**WHAT THIS TASK INVOLVES:** What needs reproducing is the run of lines in the data below starting at the line with "Restaurantware 2.5 x" and ending at the line with "Pantaloni da donna", both ends included. Copy it exactly, without pictures, and add nothing.

**DATA UNDER STUDY:**

<<<<

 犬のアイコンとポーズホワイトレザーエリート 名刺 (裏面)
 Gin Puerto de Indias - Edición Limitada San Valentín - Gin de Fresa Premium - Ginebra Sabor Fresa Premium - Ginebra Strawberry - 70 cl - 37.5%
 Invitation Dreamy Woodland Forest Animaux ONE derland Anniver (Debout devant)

>>>>
<<<<

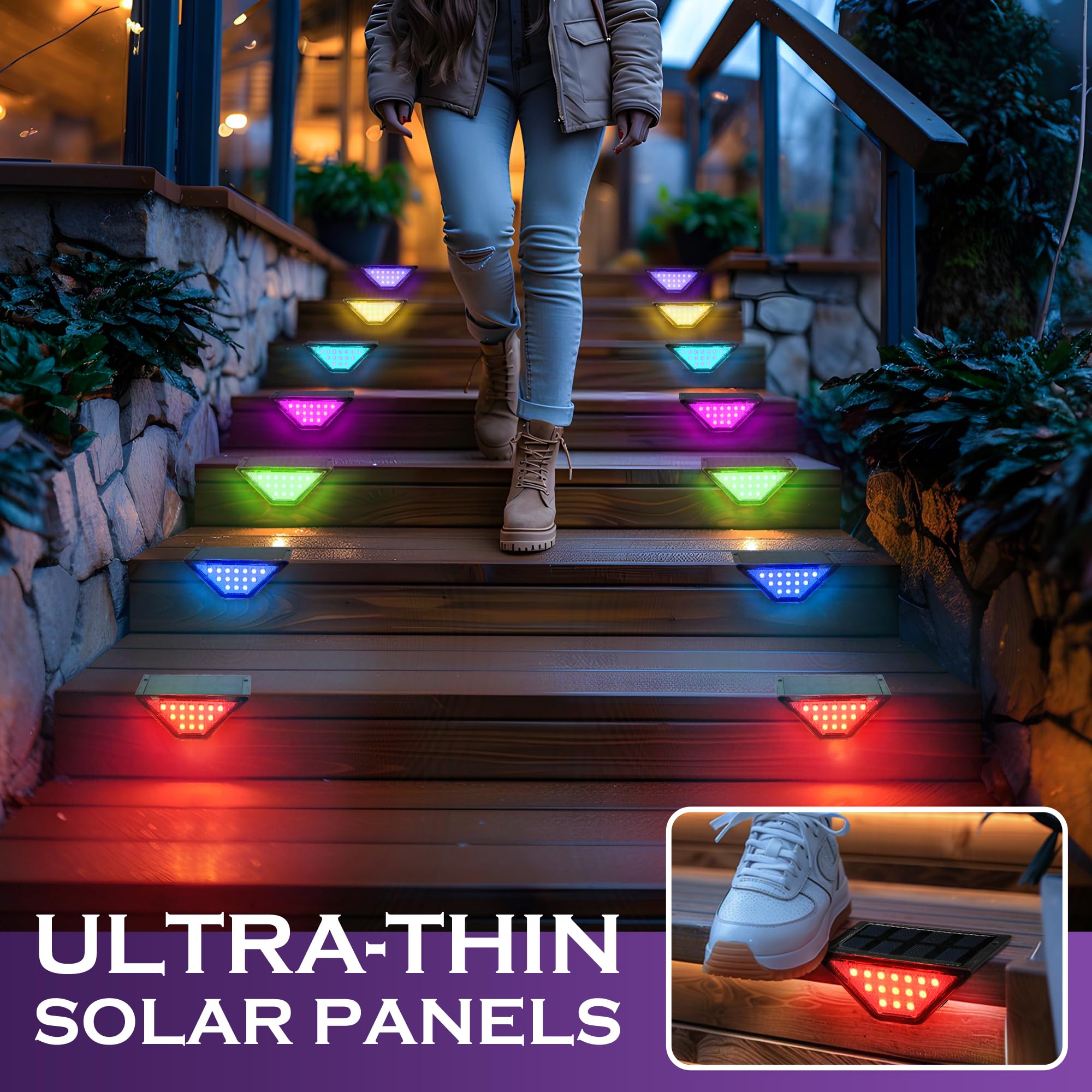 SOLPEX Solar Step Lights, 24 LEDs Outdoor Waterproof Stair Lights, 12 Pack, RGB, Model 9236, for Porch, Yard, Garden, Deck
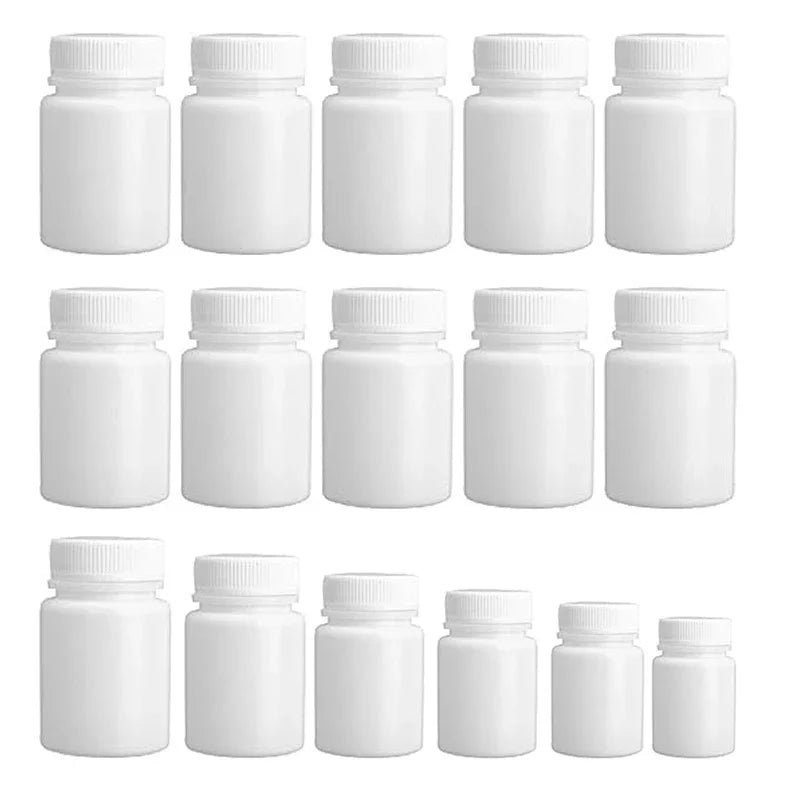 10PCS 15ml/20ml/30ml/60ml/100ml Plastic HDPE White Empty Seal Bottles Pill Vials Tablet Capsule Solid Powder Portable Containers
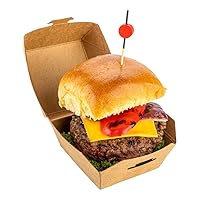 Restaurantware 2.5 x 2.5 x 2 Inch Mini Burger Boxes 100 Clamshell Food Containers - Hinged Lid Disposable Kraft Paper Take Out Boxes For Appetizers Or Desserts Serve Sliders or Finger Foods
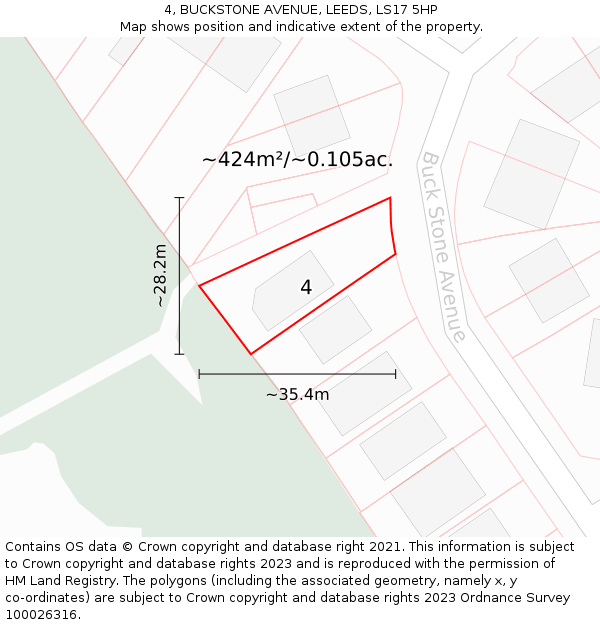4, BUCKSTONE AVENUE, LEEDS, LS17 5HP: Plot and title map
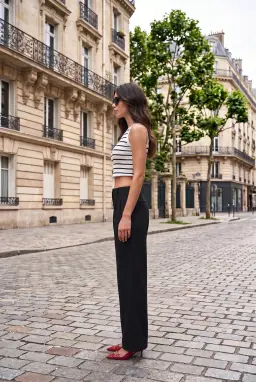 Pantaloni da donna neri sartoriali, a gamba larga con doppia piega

>>>>

**RESULT FOR THIS TASK:**
 Restaurantware 2.5 x 2.5 x 2 Inch Mini Burger Boxes 100 Clamshell Food Containers - Hinged Lid Disposable Kraft Paper Take Out Boxes For Appetizers Or Desserts Serve Sliders or Finger Foods
4, BUCKSTONE AVENUE, LEEDS, LS17 5HP: Plot and title map
 Pantaloni da donna neri sartoriali, a gamba larga con doppia piega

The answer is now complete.